The problem is this:
∫[√x /(1+x)] dx
I used sustitution method
u= √x
u^2=x
2udu=dx

Homework Equations


My new integral is:
∫[(u*2udu)/(1+u^2)]du
2∫[u^2/(1+u^2)]du
I need help to reduce this point to continue, I guess I need some algebraic steps

The Attempt at a Solution



The book shows: x^3/3 -3x - 10Ln|x-5| + C as the answer but I think this is wrong because I don't have x-5 anywhere
 
ArmandStarks said:

Homework Statement


The problem is this:
∫[√x /(1+x)] dx
I used sustitution method
u= √x
u^2=x
2udu=dx

Homework Equations


My new integral is:
∫[(u*2udu)/(1+u^2)]du
2∫[u^2/(1+u^2)]du
This looks OK. I would use polynomial long division to turn this improper rational expression into a nicer form for integration.
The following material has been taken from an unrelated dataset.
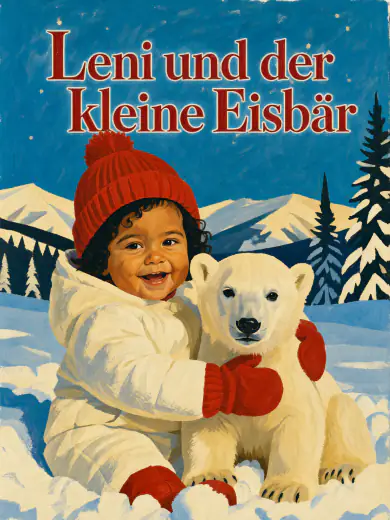 Cover von „Leni und der kleine Eisbär“: Leni mit roter Mütze umarmt ein Eisbärjunges im Schnee, in Gouache.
If you're not familiar with this technique, do a web search for "polynomial long division".
ArmandStarks said:
I need help to reduce this point to continue, I guess I need some algebraic steps

The Attempt at a Solution



The book shows: x^3/3 -3x - 10Ln|x-5| + C as the answer but I think this is wrong because I don't have x-5 anywhere
I agree - the book's answer doesn't look right.
 
ArmandStarks said:

Homework Statement


The problem is this:
∫[√x /(1+x)] dx
I used sustitution method
u= √x
u^2=x
2udu=dx

Homework Equations



The Attempt at a Solution



My new integral is:
∫[(u*2udu)/(1+u^2)]du
2∫[u^2/(1+u^2)]du
I need help to reduce this point to continue, I guess I need some algebraic steps

The book shows: x^3/3 -3x - 10Ln|x-5| + C as the answer but I think this is wrong because I don't have x-5 anywhere
Hello ArmandStarks. Welcome to PF !

You can use "long division" to divide u2 by (u2 + 1) .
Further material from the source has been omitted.